Making Things Better

In my latest article, I claimed “power corrupts when allowed to exist unsupervised.” This claim doesn’t just apply to prison guards. It also extends to politicians, businessmen, and other people in positions of power. The widespread corruption around the world supports this claim. Every year, billions of dollars are laundered around the world. Corruption is particularly bad in India, where approximately 1.4 trillion dollars have been stashed away in foreign banks. This “black money,” often deposited by the wealthiest Indians, is untaxed. 1.4 trillion USD is not an insignificant amount. In fact, it is slightly more than Indian GDP.

After generations of seeing widespread and blatant corruption, the Indian public has had enough. Over the past 6 months, Indian social activist Anna Hazare has spearheaded an Anti-Corruption Movement. He hoped to get the Jan Lokpal Bill in Indian Parliament, which would help limit government, police, judicial, and corporate corruption.

The Anti-Corruption Movement continued to gain momentum, and on August 16, Hazare, a Gandhian, announced that he would go on an indefinite fast until the Lokbal Bill became law.

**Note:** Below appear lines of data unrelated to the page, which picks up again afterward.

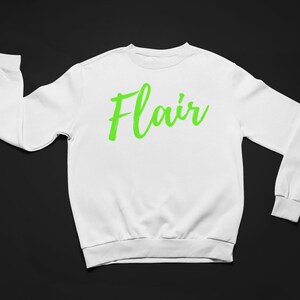K&ouml;nnte beinhalten: Wei&szlig;er Pullover mit einem gr&uuml;nen "Flair"-Aufdruck auf der Vorderseite.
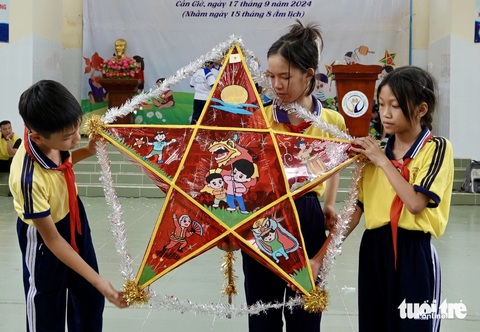 Học sinh Cần Giờ làm lồng đèn con cá, tàu đánh cá mừng lễ Nghinh Ông - Ảnh 1. Học sinh Cần Giờ làm lồng đèn con cá, tàu đánh cá mừng Lễ hội Nghinh Ông - Ảnh 2.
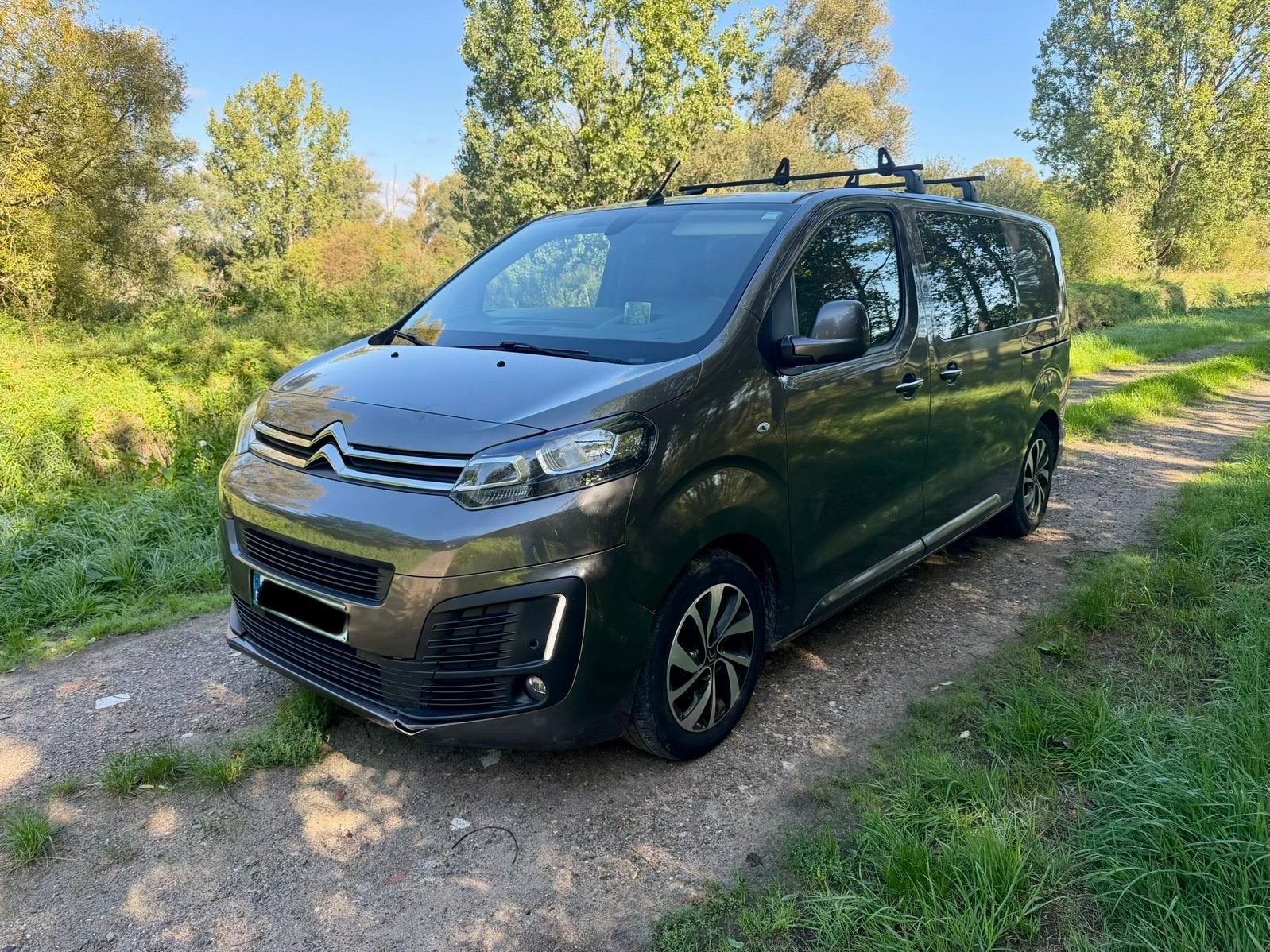 Citroën Jumpy 2.0hdi 177ch Automatique 360Camera HUD, Argent ou Gris, Euro 6, Entreprise, Carnet d'entretien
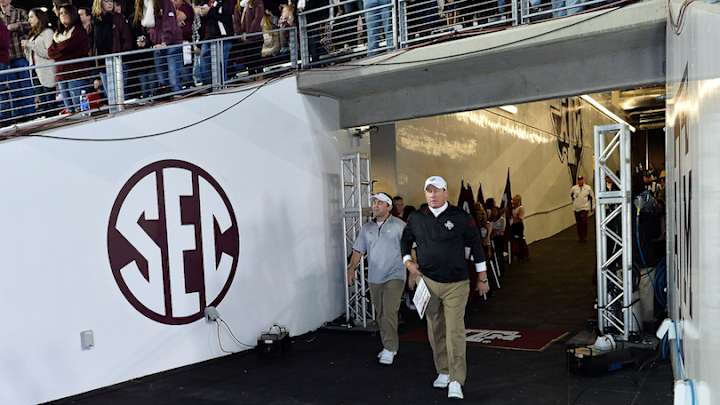 Texas A&M fires defensive coordinator Mark Snyder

On the same day, Hazare was arrested by Delhi police for refusing to follow orders to stay at his home. Hazare also refused to leave jail and remained detained until August 18th, when the Delhi police finally granted him permission to fast as a statement against corruption. Hazare continued to gain support from Bollywood actors, musicians, athletes, and millions of other Indian citizens. Just today, the Indian Parliament acquiesced to Hazare’s demands, and after 12 days of fasting, Hazare finally ended his hunger strike. Parliament unanimously agreed to create an anticorruption agency, which will oversee the government and attempt to prevent corruption.

As an American of Indian origin, I have followed this news story with pride. I am amazed that so many people united and made sacrifices to do what was right. The story reminded of the quotation by Margaret Mead that my supervisor Thenera includes at the bottom of all her e-mails:

Never doubt that a small group of thoughtful, committed citizens can change the world; indeed, it’s the only thing that ever has.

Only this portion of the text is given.